B. First-in, first-out (FIFO) FIFO considers the first units purchased to be the first units sold.

Which inventory valuation method assumes that the first units purchased are the first ones sold? A. Last-in, first-out (LIFO) method. B. First-in, first-out (FIFO) method. C. Weighted average method. D. Specific identification method.

B. First-in, first-out (FIFO) method. First-in, first-out (FIFO) method. The FIFO inventory valuation method assumes that the first units purchased (or produced) are the first ones sold. This means that the cost of the oldest inventory is matched with the revenue from the first sales.

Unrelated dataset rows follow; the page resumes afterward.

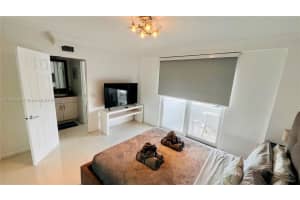 North Bay Village, FL 33141, Sold 08/01/25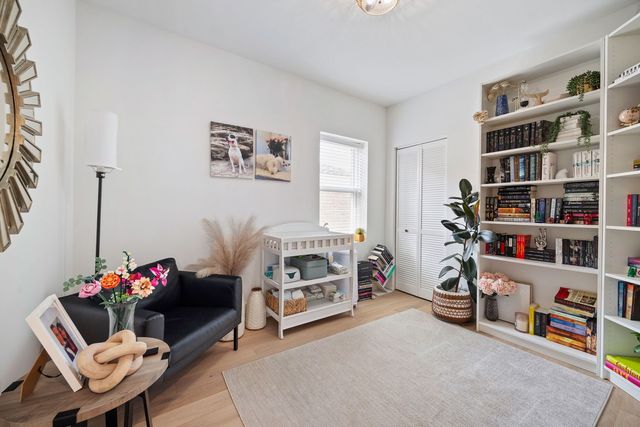 4909 N Merrimac Avenue, Chicago, IL 60630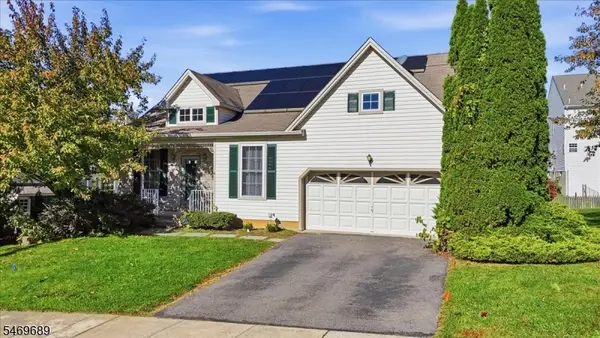 14 Kyle Dr, Lopatcong Twp., NJ 08865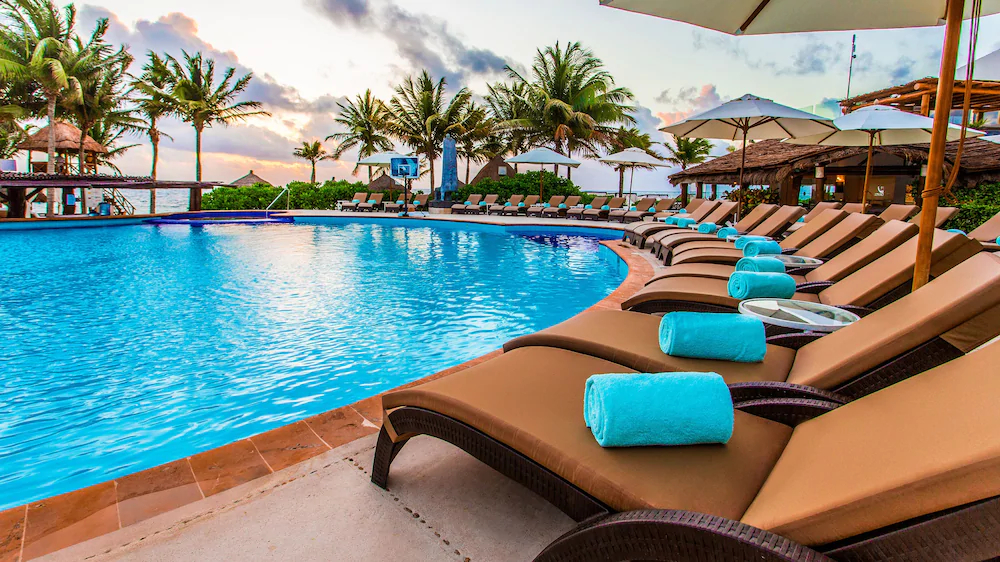 Desire Riviera Maya Pearl Resort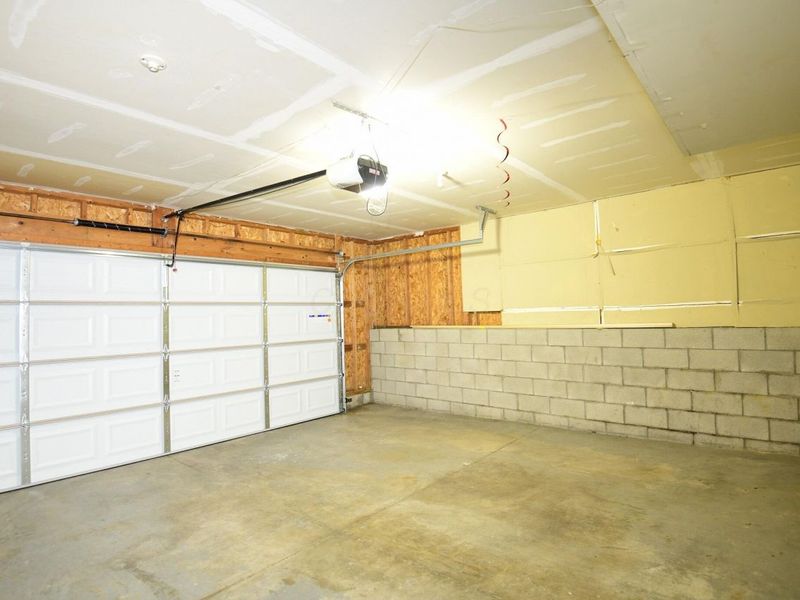 2730 Raphael Drive, Columbus, OH 43232 Photo 16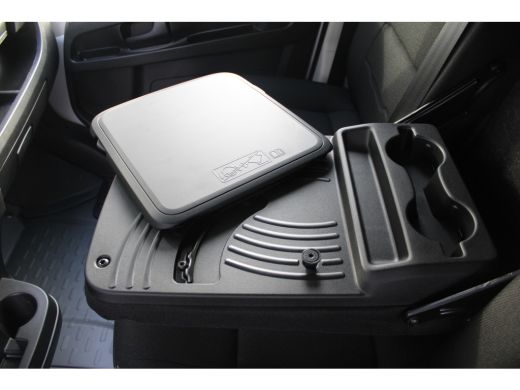 Peugeot Boxer L2H1 2.2 BlueHDi 120 PK LAADRUIMTE BETIMMERD | TREKHAAK | CAMERA | 5,9% RENTE! | LED KOPLAMPEN ActivLease financial lease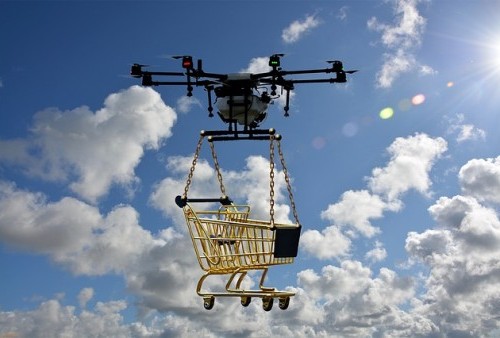 Keren Nih! Toko Online Ini Antar Belanjaan Pelanggannya Pakai Drone
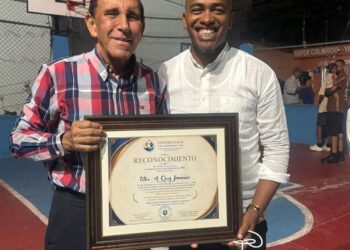 Reconocen trayectoria&nbsp; del Doctor Cruz Jiminian a Diputado Junior Muñoz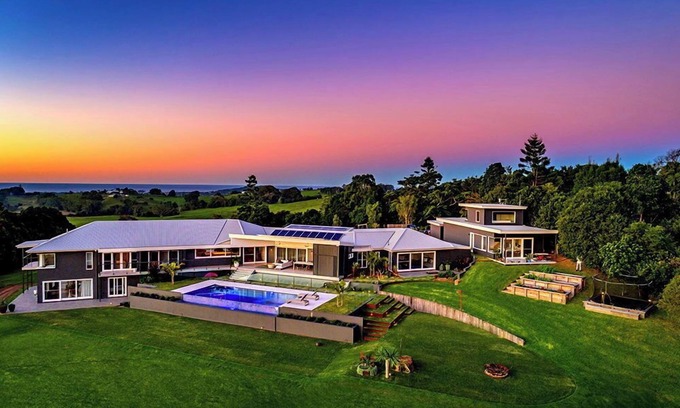 Coopers Shoot Casa | Luxury Villas Byron Retreat (With Ocean Views)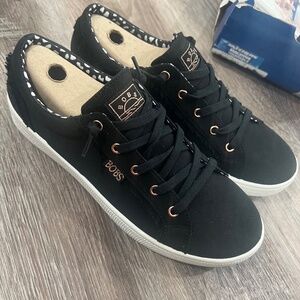 Skechers women’s shoes size 9 new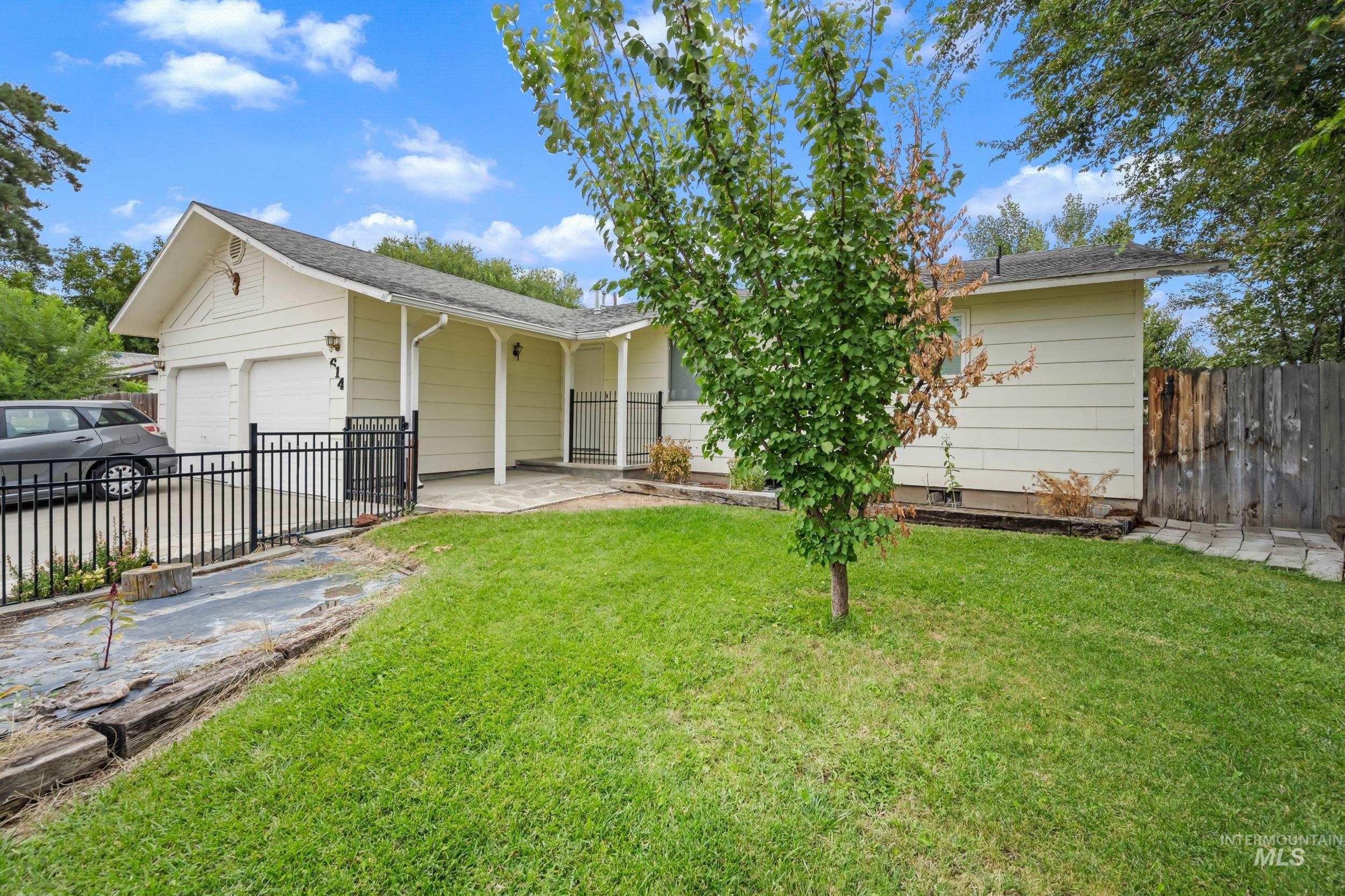 614 S Utah Ave., Fruitland, Idaho 83619, 3 Bedrooms, 2 Bathrooms, Residential For Sale, Price $320,000,MLS 98922015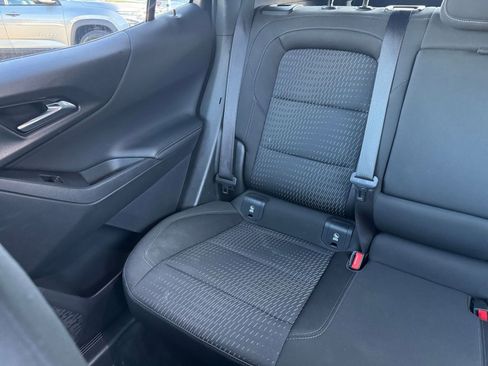 Used 2025 Chevrolet Equinox LT image 38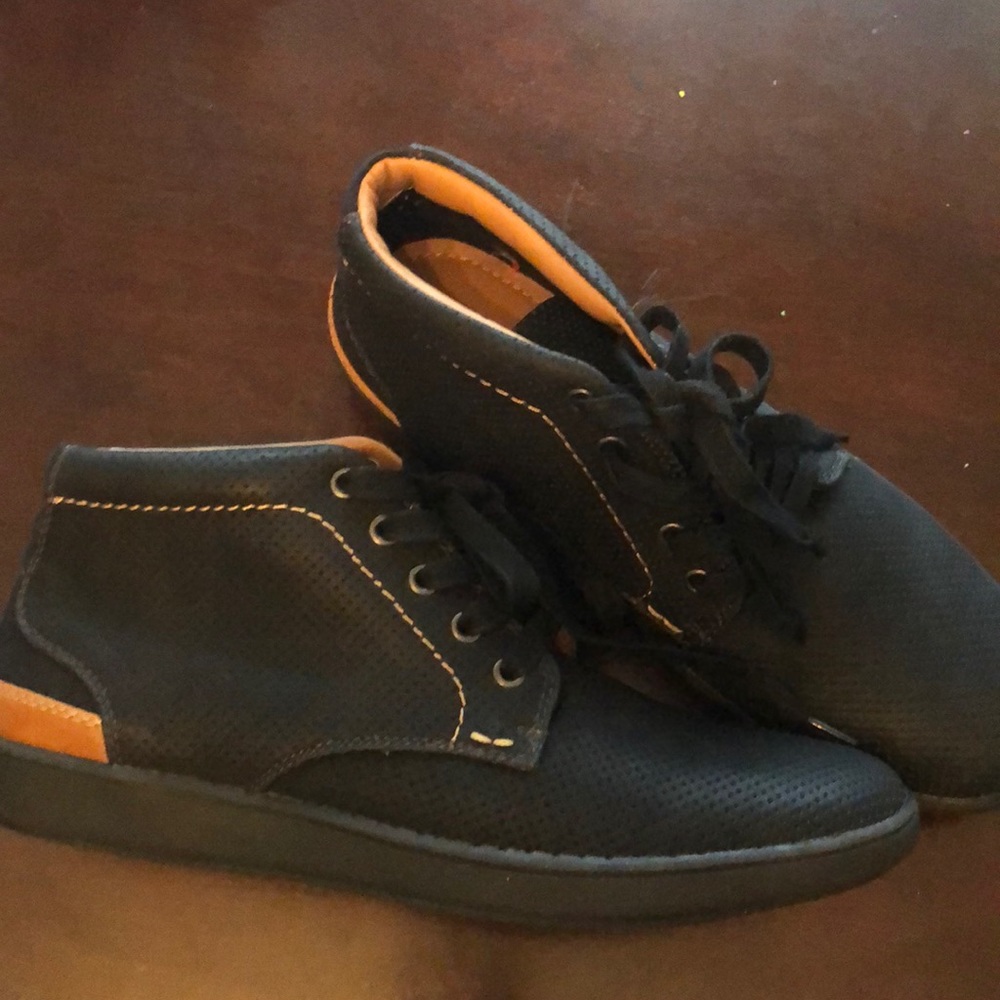 Steve Madden Dress Sneaks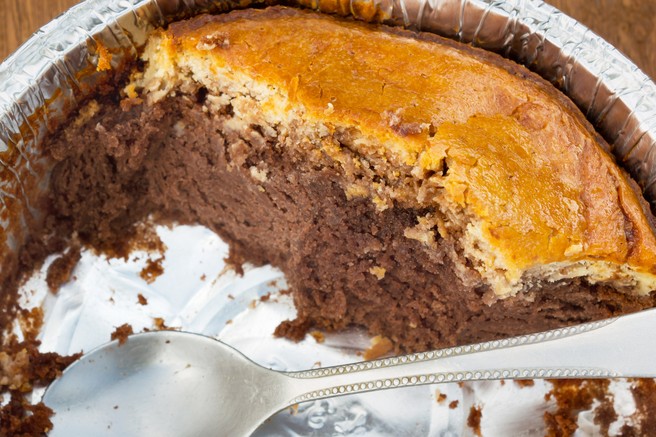 RECEPT: Čokoladni skutni kolač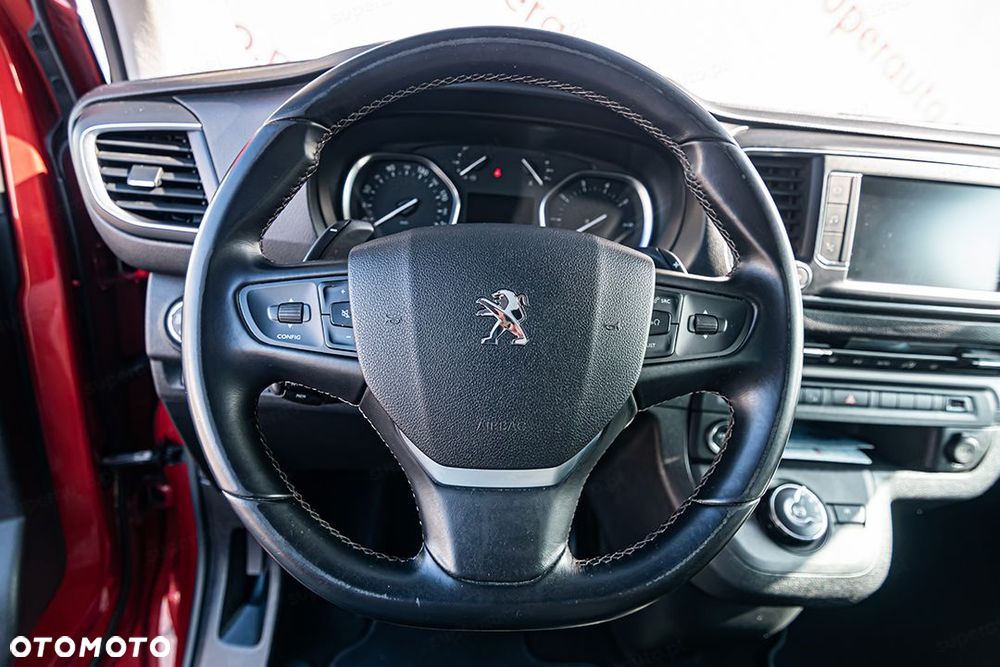 Peugeot Traveller - 21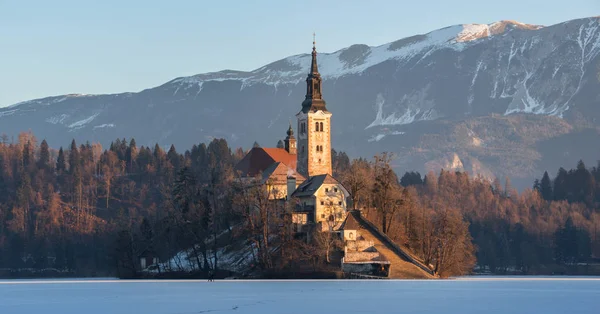 Téli reggel a befagyott tó Bled — Stock Fotó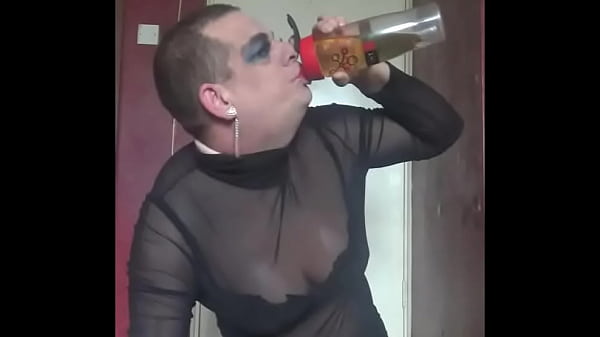 sissy male mark wright wants another mans piss to swollow 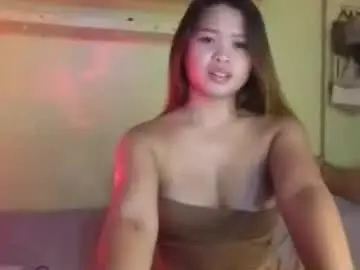 Chaturbate Live Sex Cam of ur_cristal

What is the first step in tracking assets? A. Check if there's an existing account for it in the chart of accounts B. Identify the asset type C. Record the asset in the journal

B. Identify the asset type When a client acquires a new asset, follow these steps: Identify the asset type, check if there's an existing account for it in the chart of accounts, and if not, add the account to the chart. Then, use that account to record the asset in the journal.

Cash sales are transactions where the customer pays for goods or services. Which of the following best describes how cash sales are made? A. Immediately with cash. B. Immediately with cash, check, or a credit or debit card. C. Immediately with cash or check.

B. Immediately with cash, check, or a credit or debit card. Cash sales are transactions where the customer pays for the goods or services immediately with cash, check, or a credit or debit card.

Current (short-term) assets such as money market account balances, stocks, and bonds A. Accounts receivable B. Investments C. Intangible assets D. Prepaid expenses

B. Investments Money market account balances, stocks, and bonds are examples of investments, and current (short-term) assets.

If a computer store purchases ready-made computers from a manufacturer, what category of inventory does it fall under? A. Finished goods B. Merchandise C. Work-in-progress D. Raw materials

B. Merchandise Finished goods refer to the final products that are ready for sale and have completed the production process. These goods are in their final form and are available for customers to purchase.

Which of the following describes notes receivable? Select all that apply. A. Money a business owes B. Money owed to a business C. Considered an asset D. Considered a liability

B. Money owed to a business C. Considered an asset Notes receivable is money that is owed to a business, and is considered an asset.

What is a benefit of using a periodic inventory system? A. Real-time visibility into inventory levels B. Simple set up for small businesses C. Accurate tracking of inventory at all times D. Automatic adjustment of inventory balances

B. Simple set up for small businesses One of the benefits of using a periodic inventory system is simple set up, particularly for small businesses.